Exercise aim:
The result should be all the records, exact and complete, without a single picture.

Records:
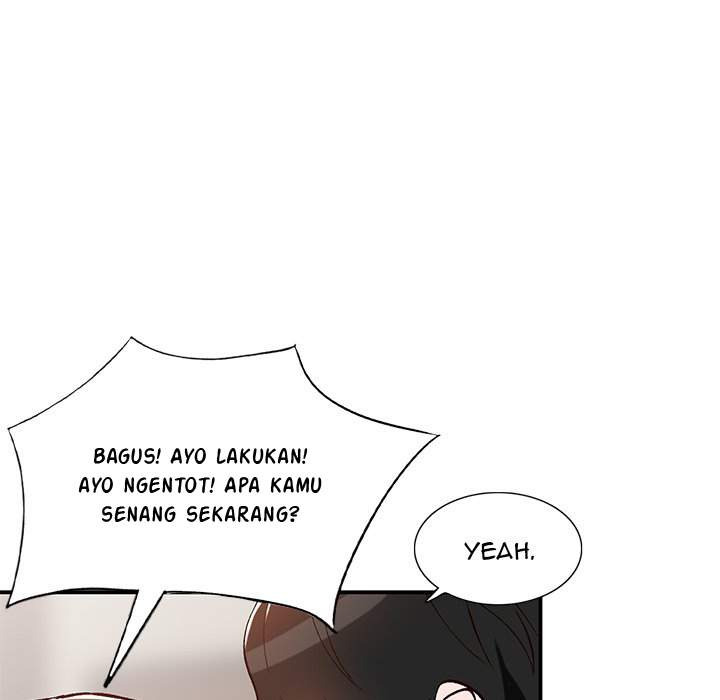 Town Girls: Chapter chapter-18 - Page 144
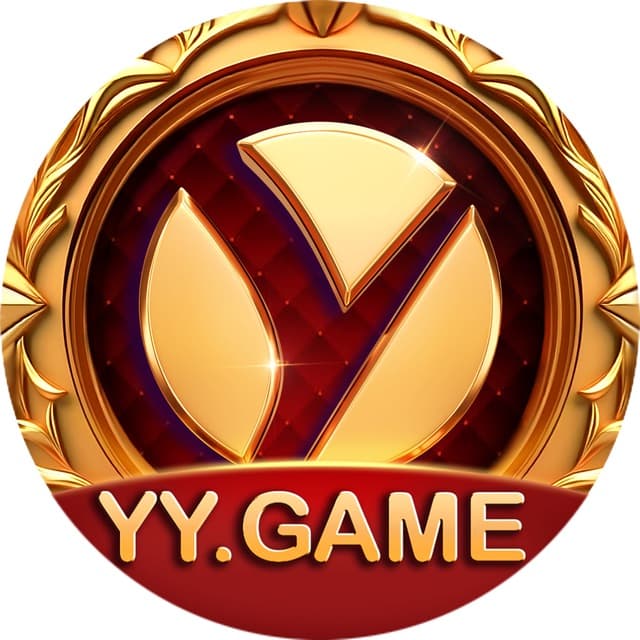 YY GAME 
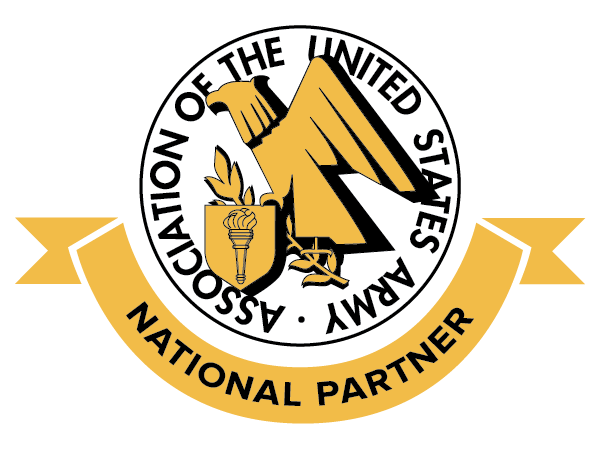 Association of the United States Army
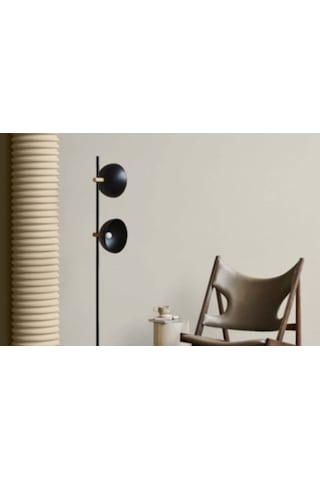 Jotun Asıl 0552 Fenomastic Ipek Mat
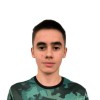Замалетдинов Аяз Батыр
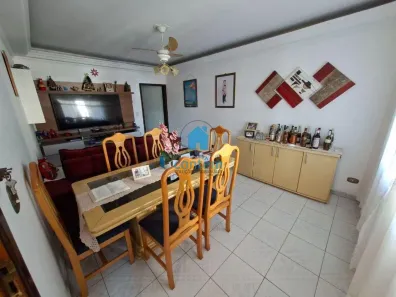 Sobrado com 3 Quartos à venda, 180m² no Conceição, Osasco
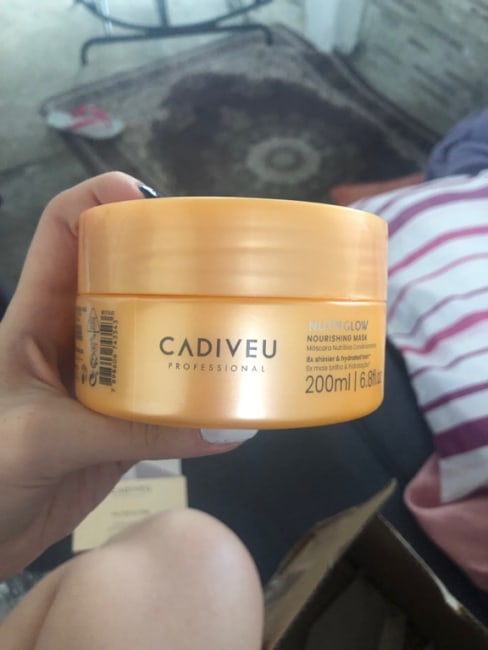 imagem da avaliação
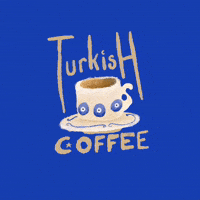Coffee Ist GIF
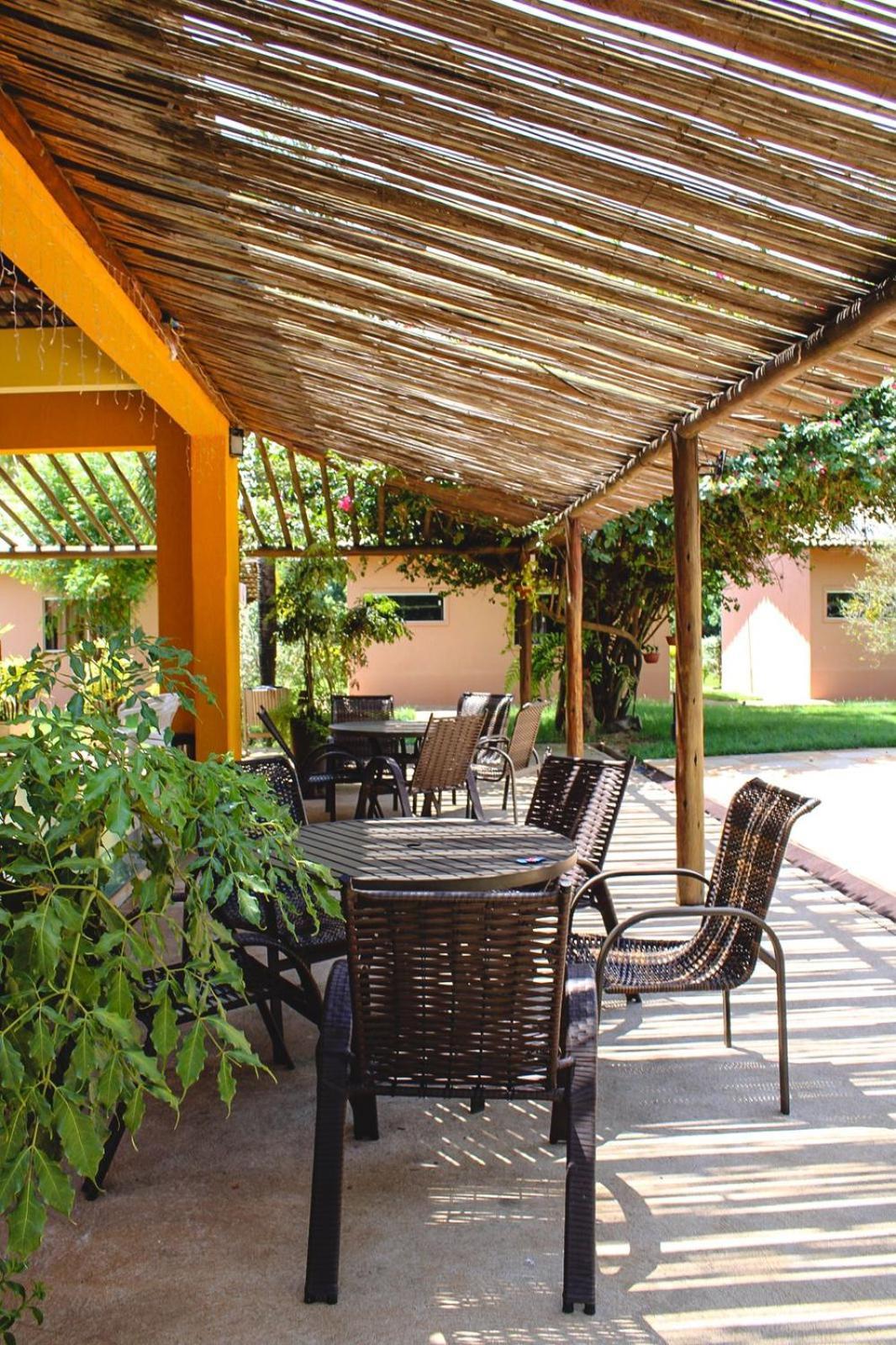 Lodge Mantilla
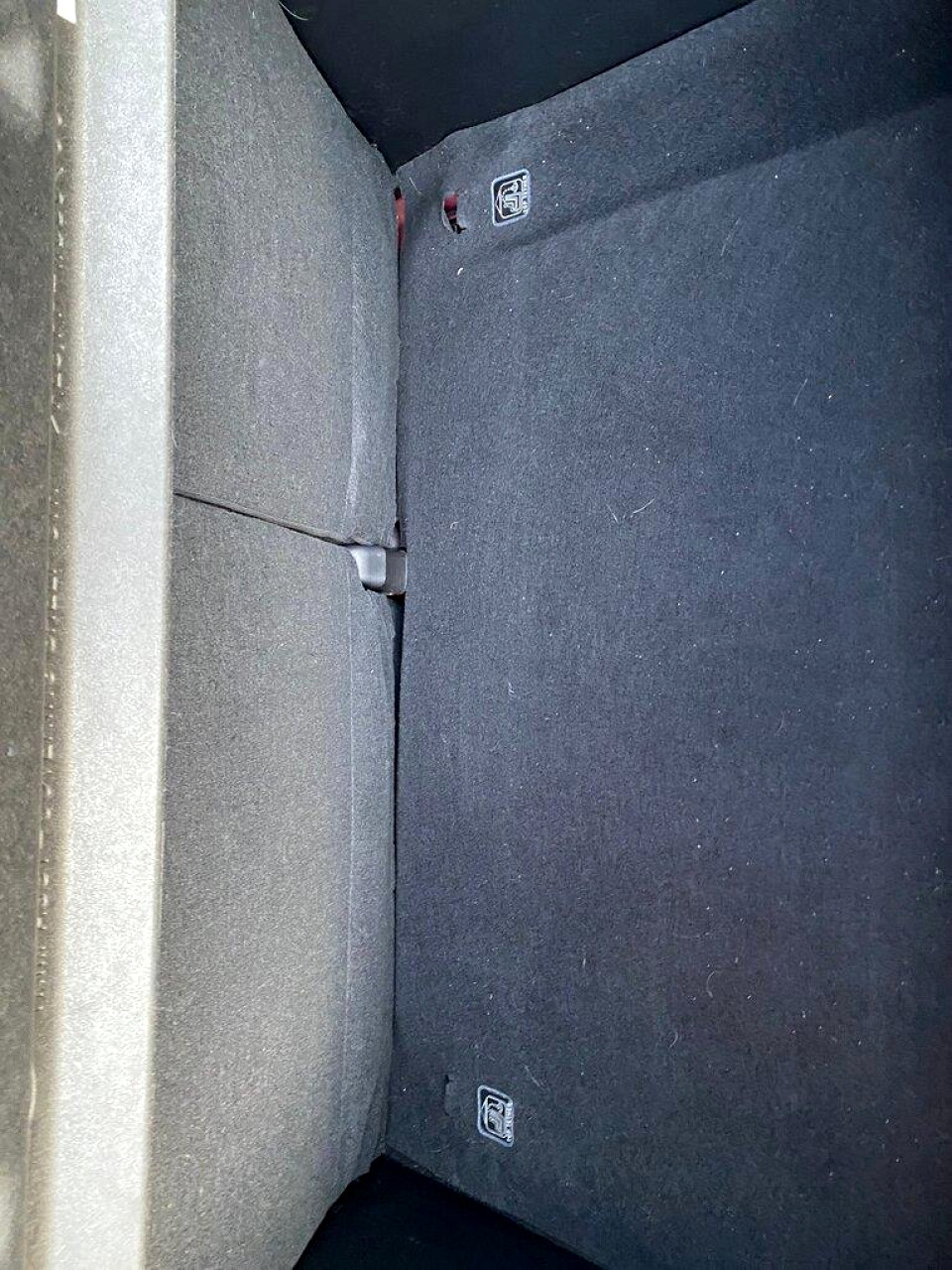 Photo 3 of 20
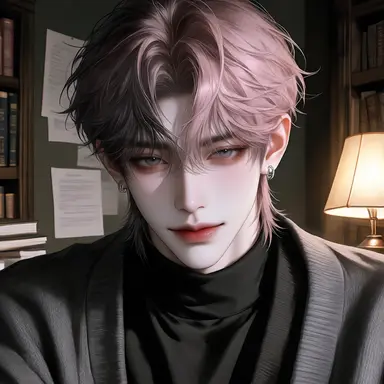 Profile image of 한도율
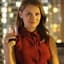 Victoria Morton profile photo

Worked solution:
 Town Girls: Chapter chapter-18 - Page 144
 YY GAME 
 Association of the United States Army
 Jotun Asıl 0552 Fenomastic Ipek Mat
Замалетдинов Аяз Батыр
 Sobrado com 3 Quartos à venda, 180m² no Conceição, Osasco
 imagem da avaliação
Coffee Ist GIF
 Lodge Mantilla
 Photo 3 of 20
 Profile image of 한도율
 Victoria Morton profile photo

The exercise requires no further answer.